Task goal | From the line that includes "Reparation fix verktyg" to the last line of the records that follow, copy every line exactly and nothing more, omitting pictures.

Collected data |
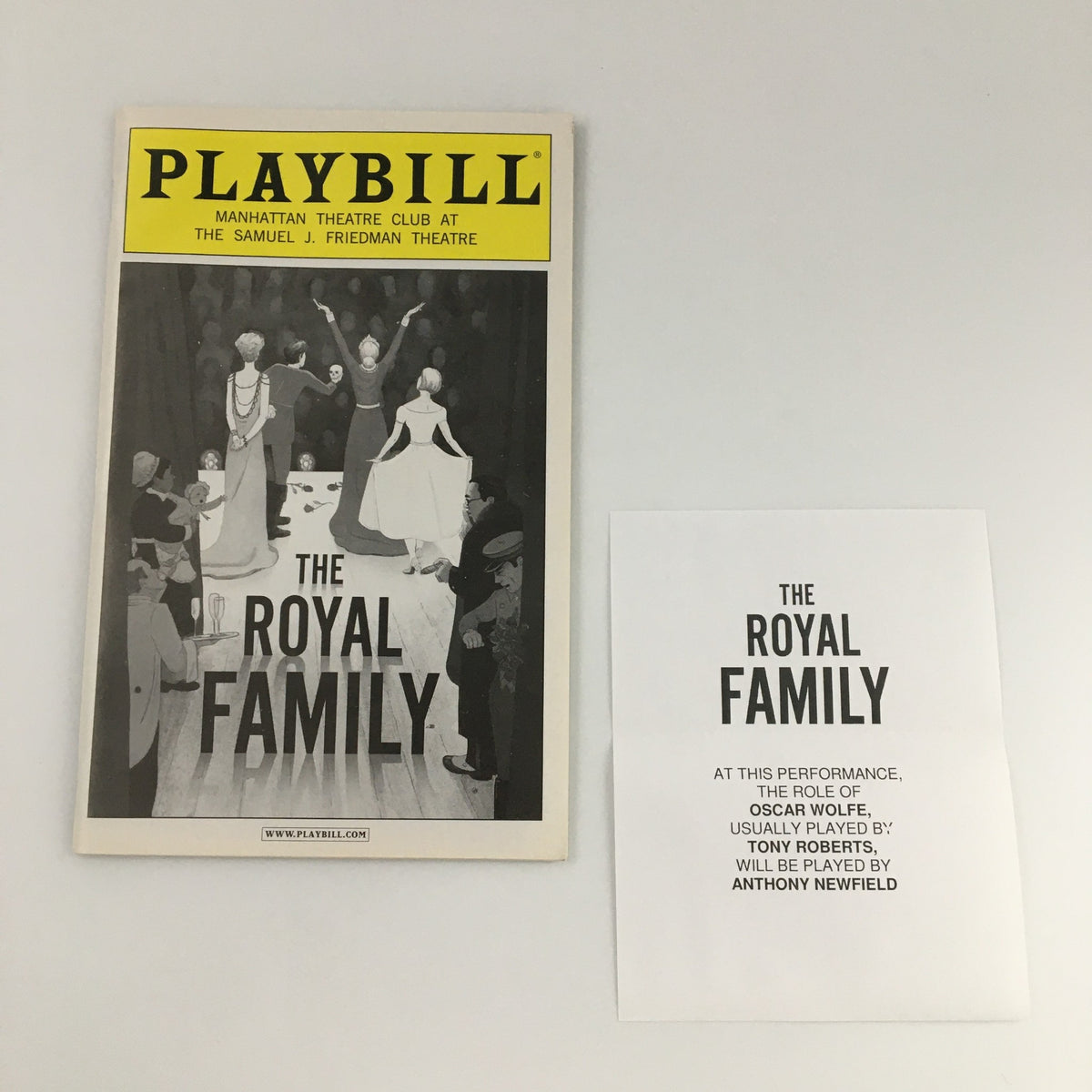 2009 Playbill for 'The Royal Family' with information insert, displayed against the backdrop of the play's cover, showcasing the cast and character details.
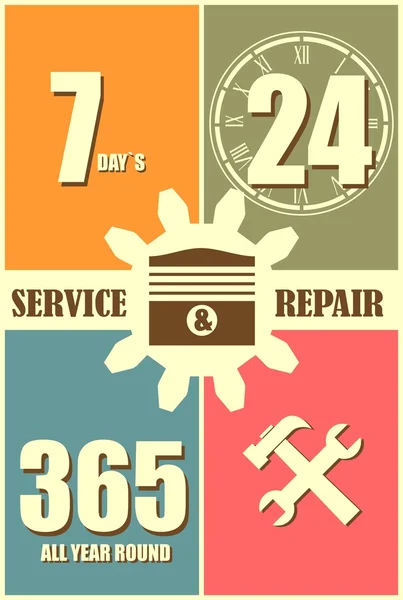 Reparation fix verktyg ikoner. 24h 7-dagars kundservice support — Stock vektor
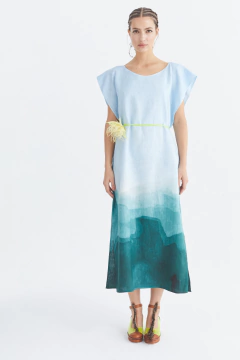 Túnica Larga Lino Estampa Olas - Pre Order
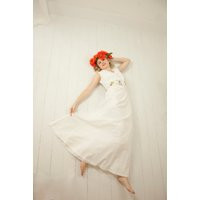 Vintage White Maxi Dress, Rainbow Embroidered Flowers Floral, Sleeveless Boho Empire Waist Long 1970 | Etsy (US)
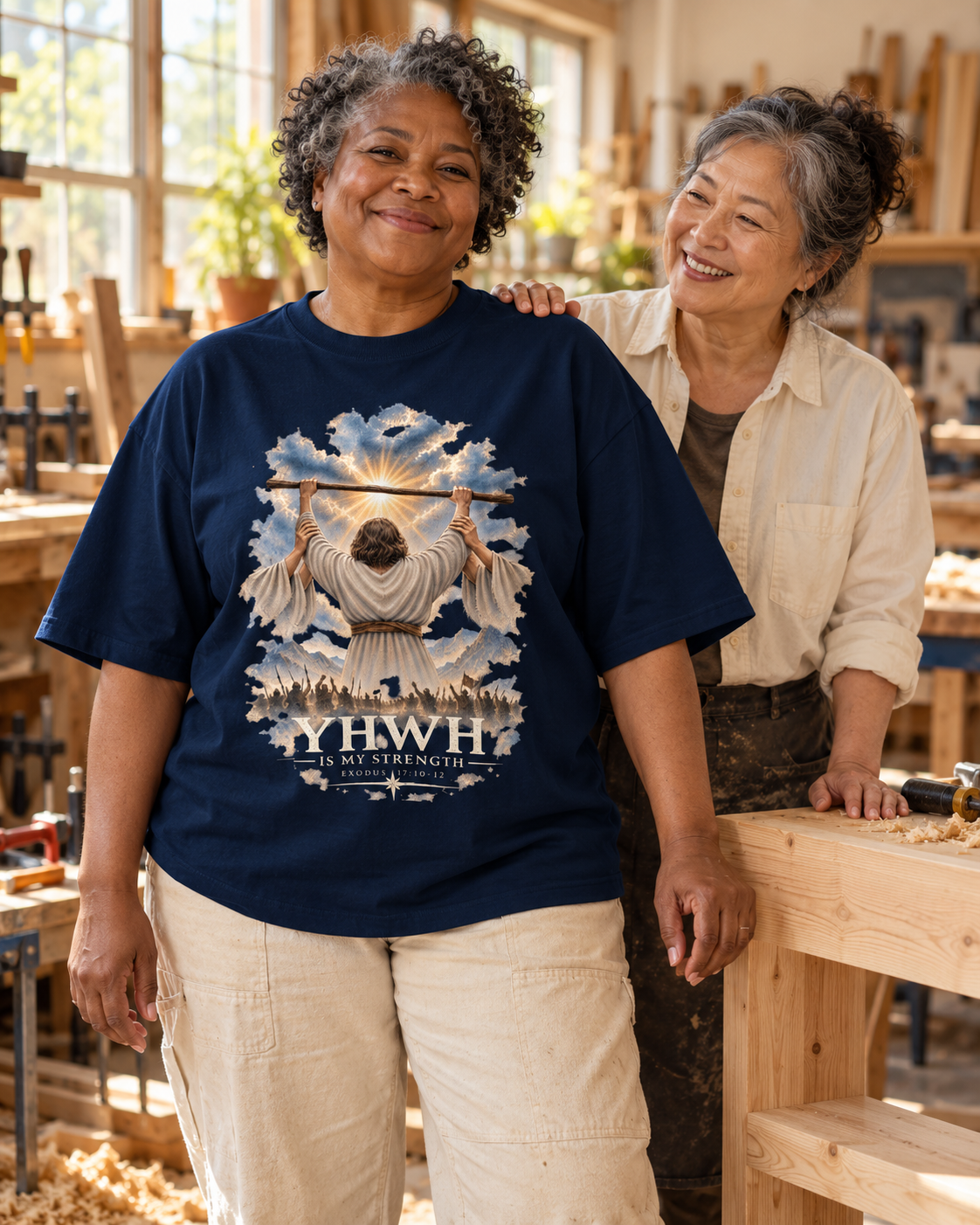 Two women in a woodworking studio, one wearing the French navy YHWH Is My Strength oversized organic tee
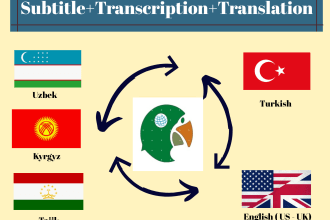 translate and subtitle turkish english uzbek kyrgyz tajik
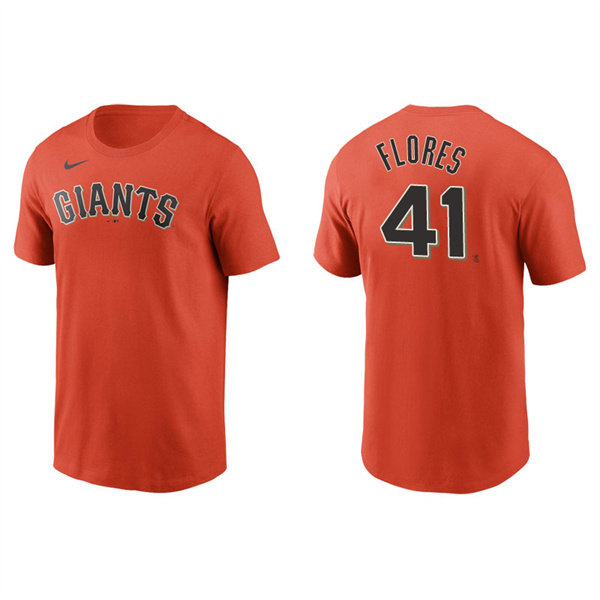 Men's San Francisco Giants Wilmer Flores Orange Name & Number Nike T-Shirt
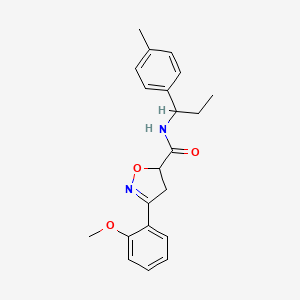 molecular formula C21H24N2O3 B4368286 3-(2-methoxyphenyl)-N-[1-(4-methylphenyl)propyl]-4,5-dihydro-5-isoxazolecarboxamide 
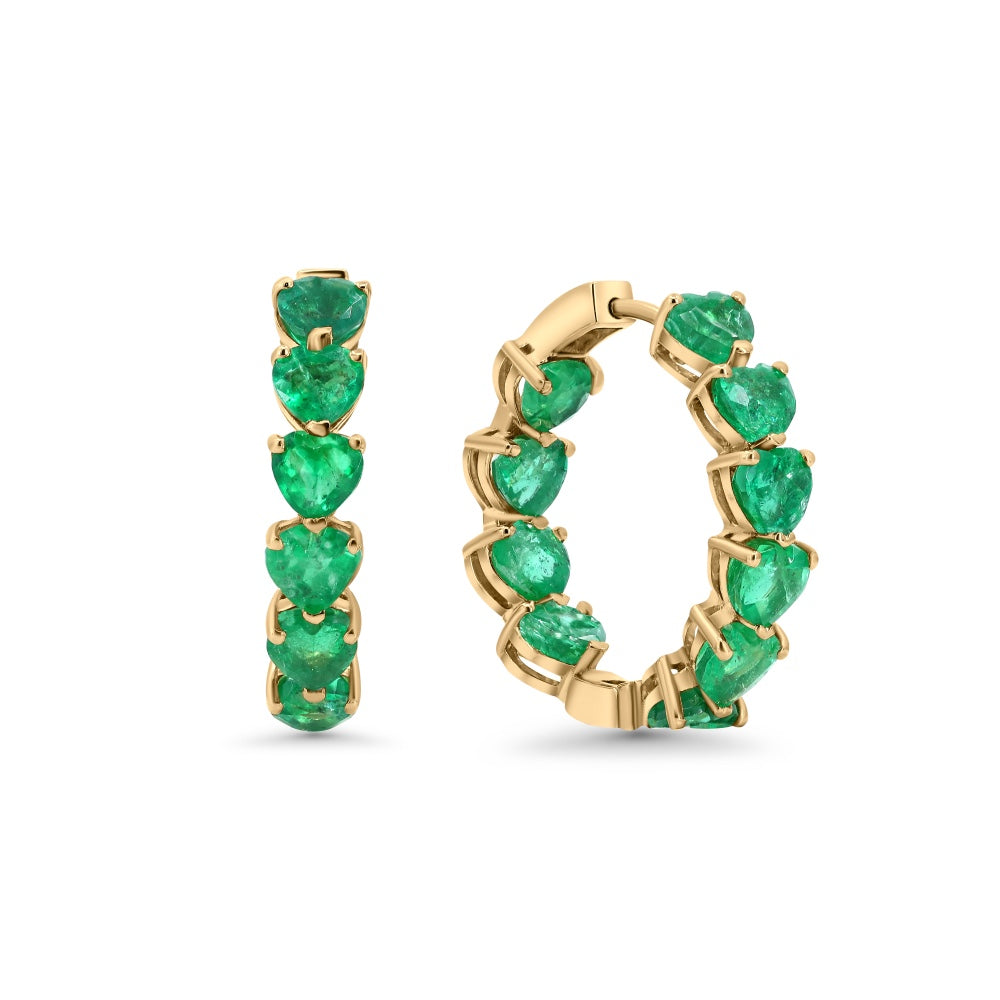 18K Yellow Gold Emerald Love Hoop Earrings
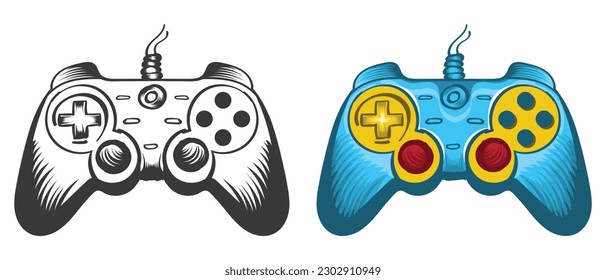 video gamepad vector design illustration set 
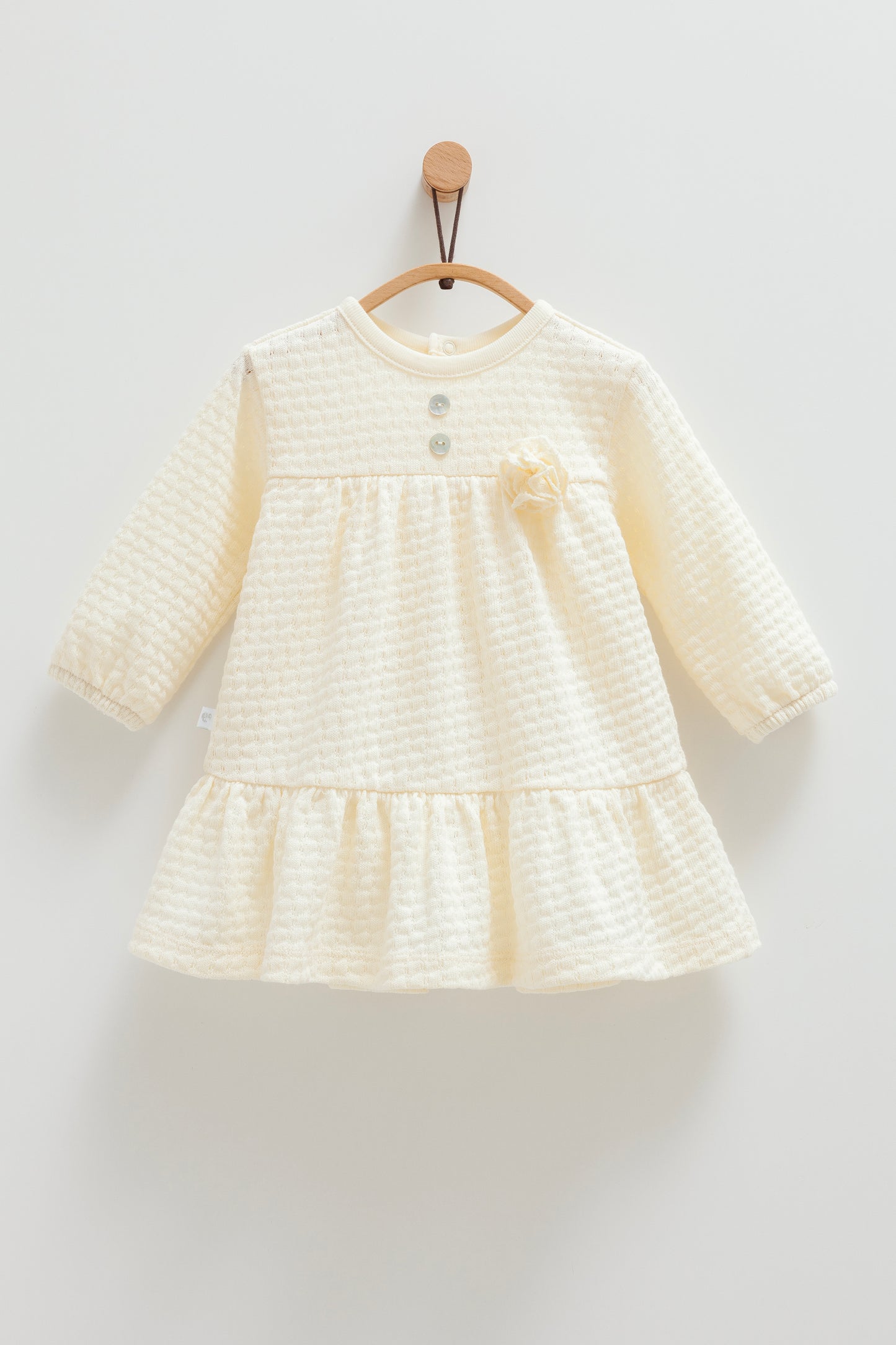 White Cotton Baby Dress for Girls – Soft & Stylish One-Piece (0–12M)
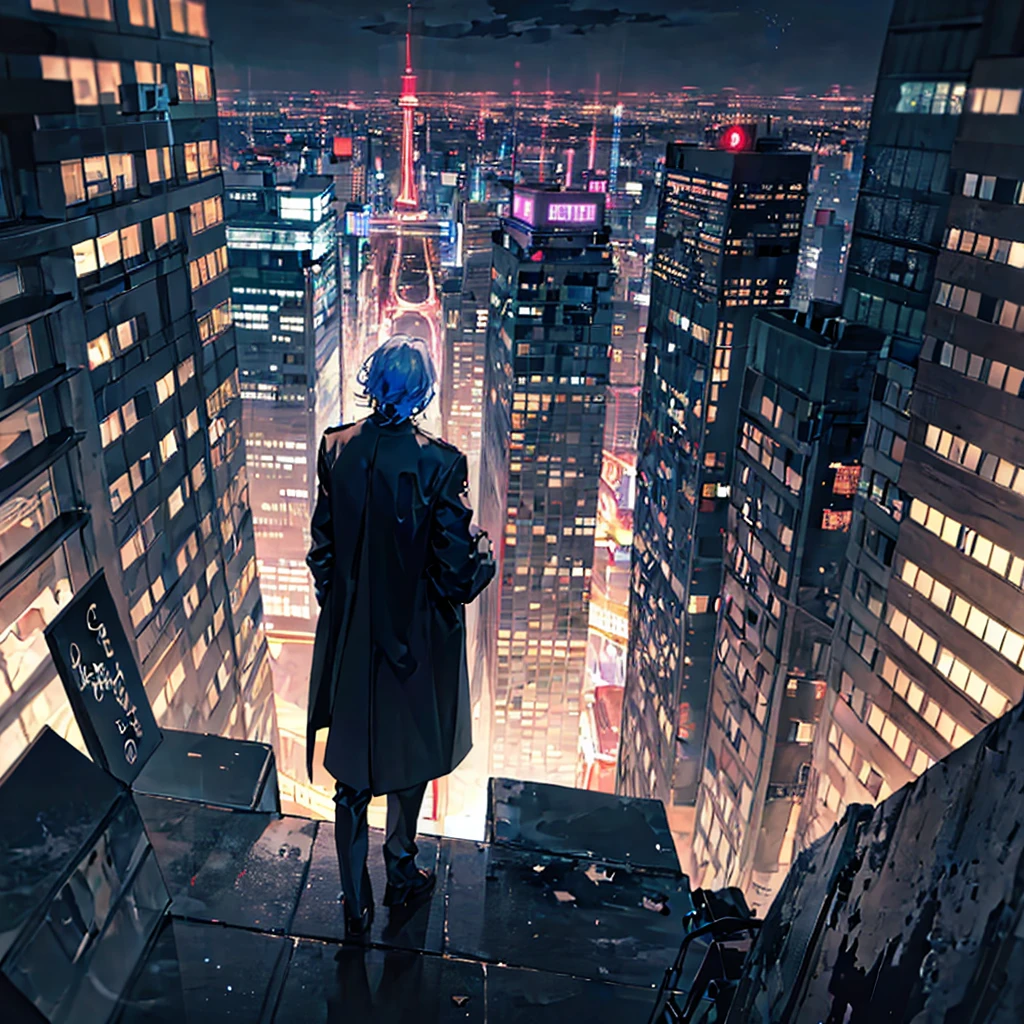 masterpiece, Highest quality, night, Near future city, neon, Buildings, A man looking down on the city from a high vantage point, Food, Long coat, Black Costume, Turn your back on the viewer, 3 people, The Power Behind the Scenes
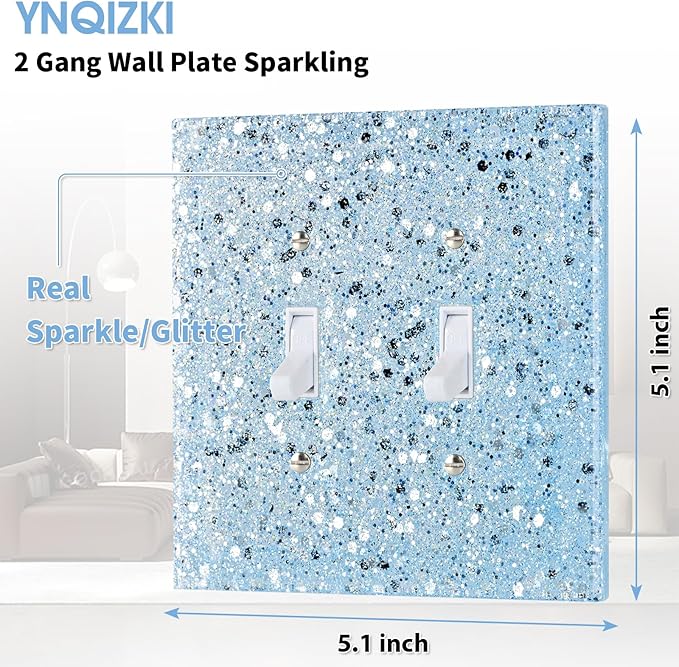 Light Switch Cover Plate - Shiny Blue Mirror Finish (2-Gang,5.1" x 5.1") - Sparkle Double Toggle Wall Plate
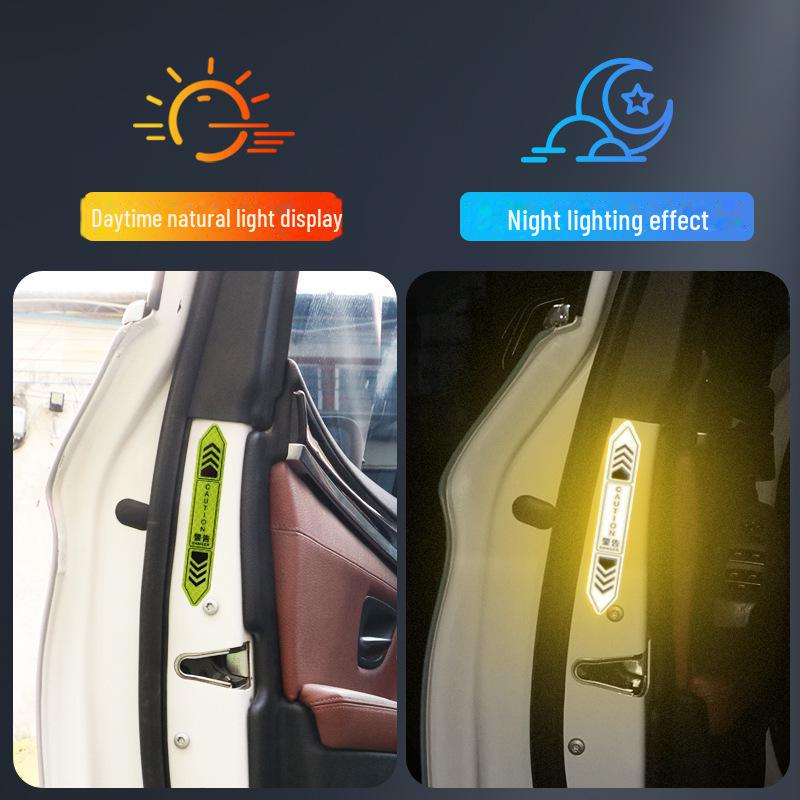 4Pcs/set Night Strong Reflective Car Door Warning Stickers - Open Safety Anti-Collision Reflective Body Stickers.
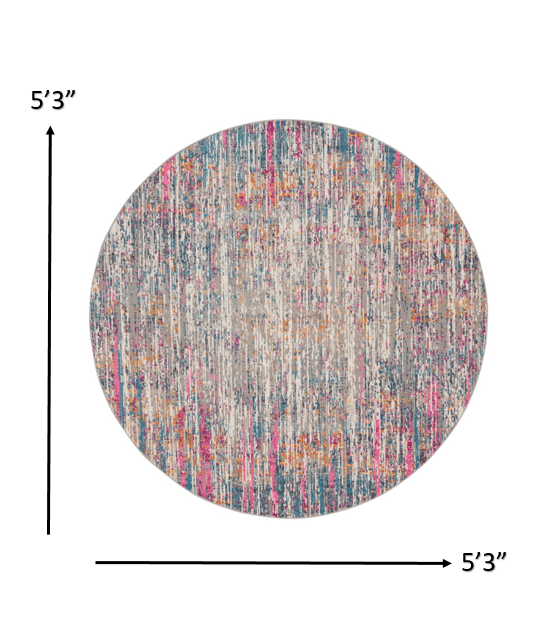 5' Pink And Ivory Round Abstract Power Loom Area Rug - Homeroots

Answer for this exercise |
 Reparation fix verktyg ikoner. 24h 7-dagars kundservice support — Stock vektor
 Túnica Larga Lino Estampa Olas - Pre Order
 Vintage White Maxi Dress, Rainbow Embroidered Flowers Floral, Sleeveless Boho Empire Waist Long 1970 | Etsy (US)
 Two women in a woodworking studio, one wearing the French navy YHWH Is My Strength oversized organic tee
 translate and subtitle turkish english uzbek kyrgyz tajik
 Men's San Francisco Giants Wilmer Flores Orange Name & Number Nike T-Shirt
 molecular formula C21H24N2O3 B4368286 3-(2-methoxyphenyl)-N-[1-(4-methylphenyl)propyl]-4,5-dihydro-5-isoxazolecarboxamide 
 18K Yellow Gold Emerald Love Hoop Earrings
 video gamepad vector design illustration set 
 White Cotton Baby Dress for Girls – Soft & Stylish One-Piece (0–12M)
 masterpiece, Highest quality, night, Near future city, neon, Buildings, A man looking down on the city from a high vantage point, Food, Long coat, Black Costume, Turn your back on the viewer, 3 people, The Power Behind the Scenes
 Light Switch Cover Plate - Shiny Blue Mirror Finish (2-Gang,5.1" x 5.1") - Sparkle Double Toggle Wall Plate
 4Pcs/set Night Strong Reflective Car Door Warning Stickers - Open Safety Anti-Collision Reflective Body Stickers.
 5' Pink And Ivory Round Abstract Power Loom Area Rug - Homeroots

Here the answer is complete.